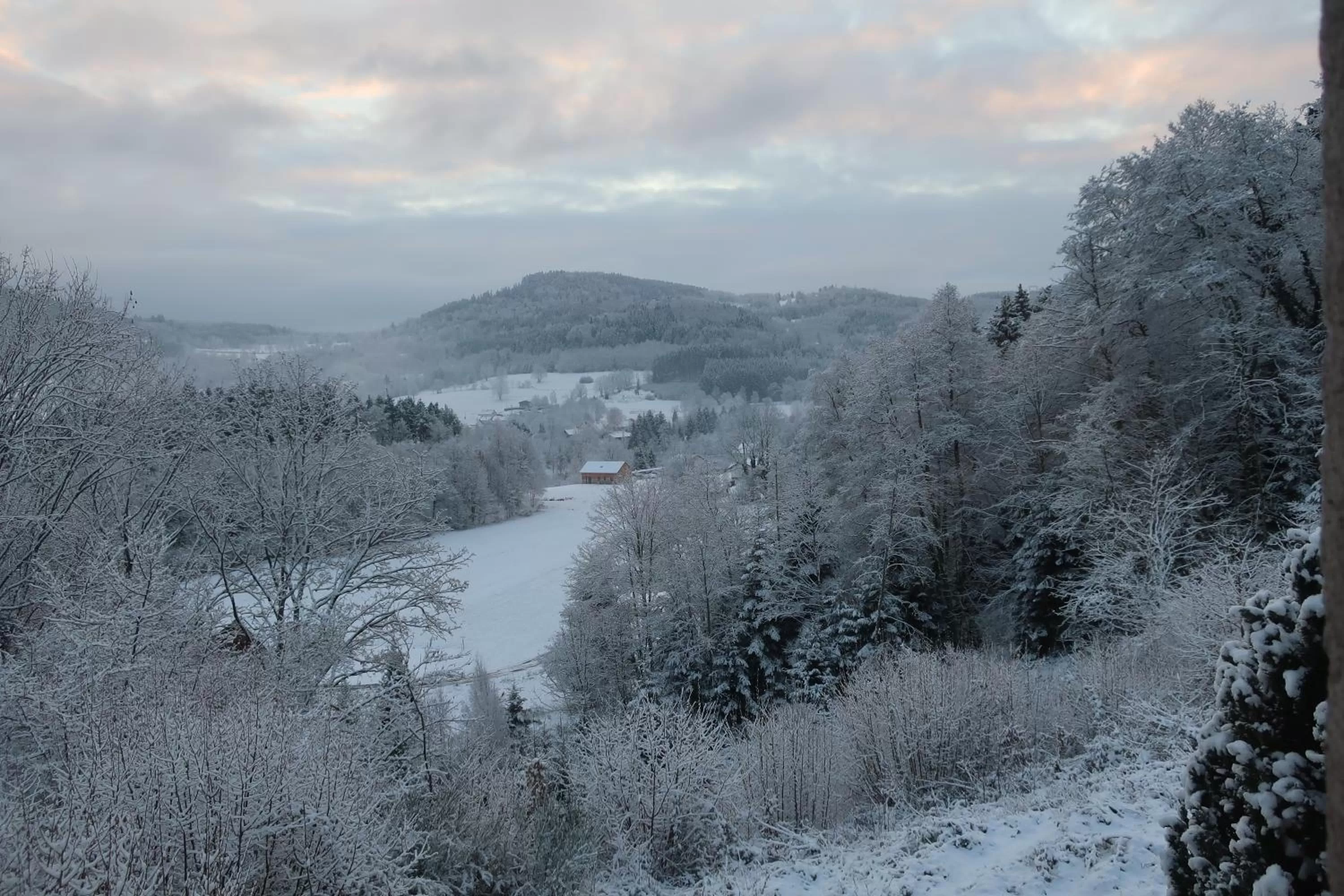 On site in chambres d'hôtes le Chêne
------------------------------------
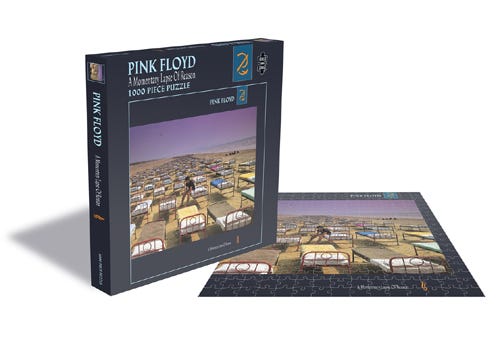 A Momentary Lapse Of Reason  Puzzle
------------------------------------
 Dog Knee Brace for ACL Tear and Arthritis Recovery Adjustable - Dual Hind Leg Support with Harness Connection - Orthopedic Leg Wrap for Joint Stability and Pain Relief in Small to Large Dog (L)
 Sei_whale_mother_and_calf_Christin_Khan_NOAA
------------------------------------
About this task: Look above for the line containing "Dog Knee Brace". Output from there through the line containing "Sei_whale_mother_and_calf_Christin_Khan_NOAA", exactly and inclusively.

Solution to the exercise:
 Dog Knee Brace for ACL Tear and Arthritis Recovery Adjustable - Dual Hind Leg Support with Harness Connection - Orthopedic Leg Wrap for Joint Stability and Pain Relief in Small to Large Dog (L)
 Sei_whale_mother_and_calf_Christin_Khan_NOAA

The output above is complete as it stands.